[opendtv] Re: Commentary: Bad News in Mogulville

  • From: "Manfredi, Albert E" <albert.e.manfredi@xxxxxxxxxx>
  • To: <opendtv@xxxxxxxxxxxxx>
  • Date: Fri, 9 Jul 2004 14:56:02 -0400

I just don't get these vitriolic articles with such dogmatic points
of view.

If the writer has a point about any one company owning both all-
news radio stations in a given (enoromous) market, that point gets
lost completely when his true colors shine through the rhetoric.

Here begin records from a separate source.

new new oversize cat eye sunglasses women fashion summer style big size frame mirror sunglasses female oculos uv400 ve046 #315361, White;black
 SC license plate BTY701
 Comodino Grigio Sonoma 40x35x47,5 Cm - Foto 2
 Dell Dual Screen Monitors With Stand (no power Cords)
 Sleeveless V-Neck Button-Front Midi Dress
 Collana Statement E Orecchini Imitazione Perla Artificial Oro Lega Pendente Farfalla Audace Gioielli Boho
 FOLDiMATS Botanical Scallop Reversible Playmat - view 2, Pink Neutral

So he hates radio and TV, and believes it is, or rather should
be, going out of business. If it's truly failing, then what's
he ranting about? Anything the FCC does or doesn't do will
be irrelevant. Who cares if the same company owns two news
radio stations (in a market that has heaven only knows how many
dozen radio stations) if "everyone" getting their news via
the Internet? Let it be, then. The radio and TV stations will
go extinct, and all the ranting will have been for nothing.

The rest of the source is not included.